### TASK OBJECTIVE
Repeat exactly the lines from the line containing "Superkick Ten clear" to the last line of the listing, including both.
--- START ---
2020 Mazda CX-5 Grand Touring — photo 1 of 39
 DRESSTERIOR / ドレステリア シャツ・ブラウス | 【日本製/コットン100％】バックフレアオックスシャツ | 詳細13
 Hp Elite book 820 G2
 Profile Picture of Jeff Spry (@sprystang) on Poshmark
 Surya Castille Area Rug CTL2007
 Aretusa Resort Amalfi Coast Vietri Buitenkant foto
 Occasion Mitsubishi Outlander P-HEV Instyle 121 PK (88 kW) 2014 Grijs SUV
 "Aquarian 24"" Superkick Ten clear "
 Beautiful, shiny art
--- END ---
### EXERCISE ANSWER
 "Aquarian 24"" Superkick Ten clear "
 Beautiful, shiny art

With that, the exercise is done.